By Christian DeHaemer
Written Monday, August 29, 2016

It is not getting much press, but there is an Iran/Saudi proxy war going on in Yemen that is not going well for the Saudis.

This is a tribal fight that pits the Shia against the Sunnis. The Iran-backed rebels are fighting an invasion force of Saudis.

The Saudis cannot afford to leave a hostile Iranian-supported enclave on their southwestern border, and it appears the Saudis feel they have to do whatever it takes to crush the rebel alliance. This includes air strikes and tanks.

The Saudis recently bought 153 new Abrams tanks from the U.S. to replace up to 40 lost.
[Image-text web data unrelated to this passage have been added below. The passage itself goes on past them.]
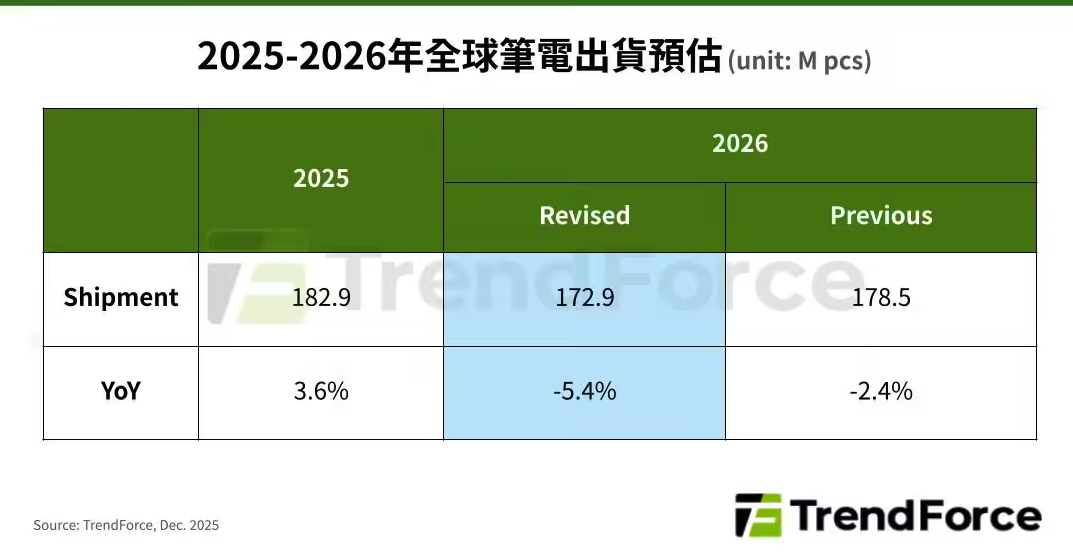 TrendForce再度下调2026全球笔电出货预测 同比降幅扩至5.4%，OLED面板成唯一亮点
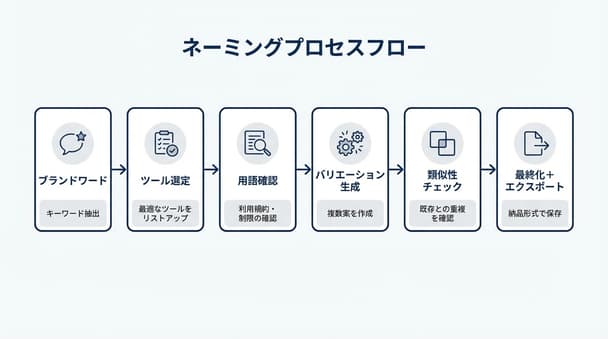 小さな会社のロゴをAIで無料作成｜商用OKなツール選びと権利リスクを避ける作成手順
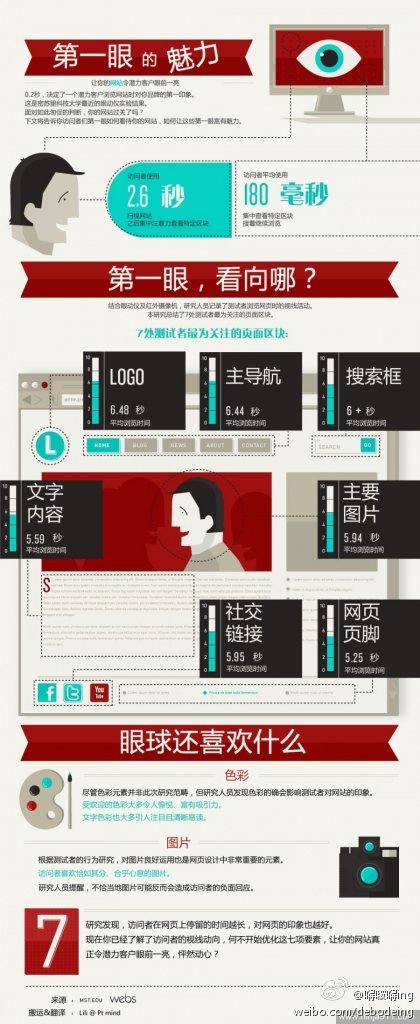信息图-网站第一眼的魅力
Two Saudi tanks were actually captured and had to be hunted down by airplanes. Some estimate that more than 6,000 soldiers have been killed and $14 billion in treasure spent. Three million civilians have been displaced.
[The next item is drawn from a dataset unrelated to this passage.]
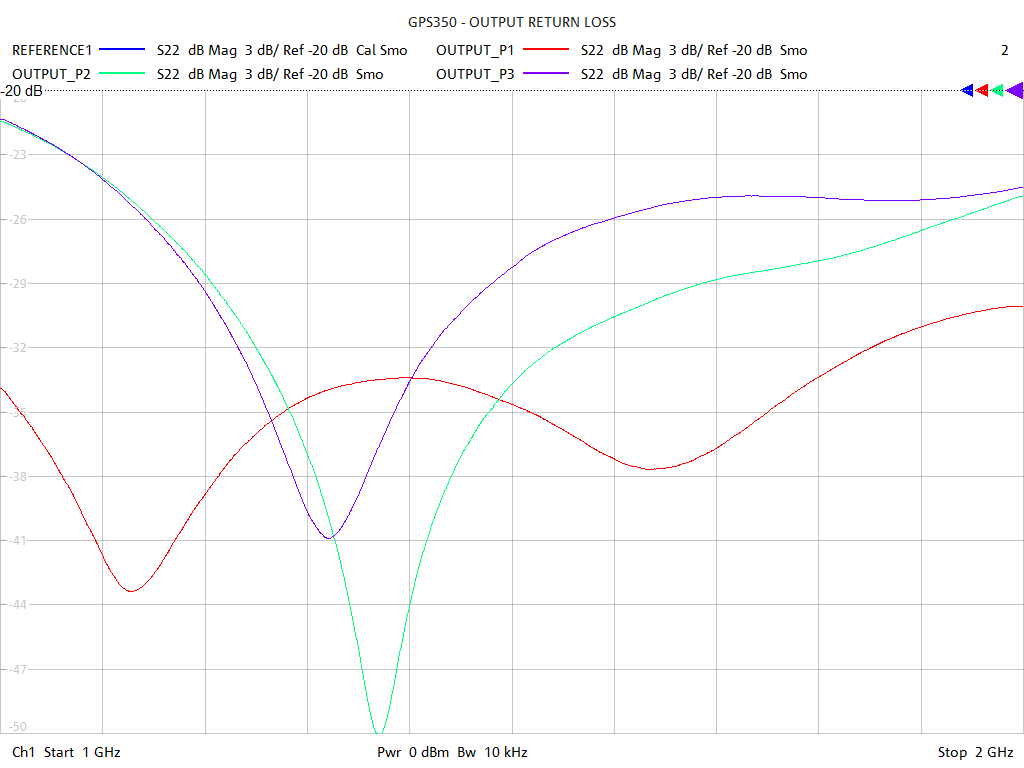 Output Return Loss Test Sweep for GPS350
Yesterday, in the northwest, Yemeni Shia rebels fired a rocket at the Saudi town of Najran and killed two civilians and wounded five.
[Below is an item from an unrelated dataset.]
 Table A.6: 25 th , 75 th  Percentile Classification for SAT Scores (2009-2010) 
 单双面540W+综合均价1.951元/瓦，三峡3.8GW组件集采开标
A few days ago, reports of a Yemeni rebel missile hitting a Saudi oil facility in southwestern Saudi Arabia caused a brief panic in the oil markets, and the world oil prices briefly rose 2%. What actually happened was that a rocket fired from Yemen hit the fuel storage area for an electrical power plant near the Saudi town of Najran.

Before that, on August 22, the Saudi air defense systems shot down a ballistic missile fired from Yemen which the Yemeni army said it had aimed at oil installations in the south of the kingdom. Iran has the largest and most diverse ballistic missile arsenal in the Middle East, mostly North Korean, and has been smuggling them to Yemen.

Over 3.8 million barrels a day (b/d) pass through the 18-mile Bab-el-Mandeb Strait off Yemen, one of the world's key choke points for crude oil supply.

The Saudis know they are vulnerable to one of those rebel ballistic missiles hitting a major oil facility. This would crush Arab resolve and is a long-held fear of Iranian capabilities.

The American (Raytheon — NYSE: RTN) and Israeli firms that supply anti-missile systems have told senior Arab leaders that there is always a small chance a missile will get through. During the current campaign, Saudi patriot anti-missile systems have intercepted all rebel ballistic missiles aimed at important targets.

There is also the idea that Iran is seeking bargaining chips in negotiations with OPEC to push oil prices higher.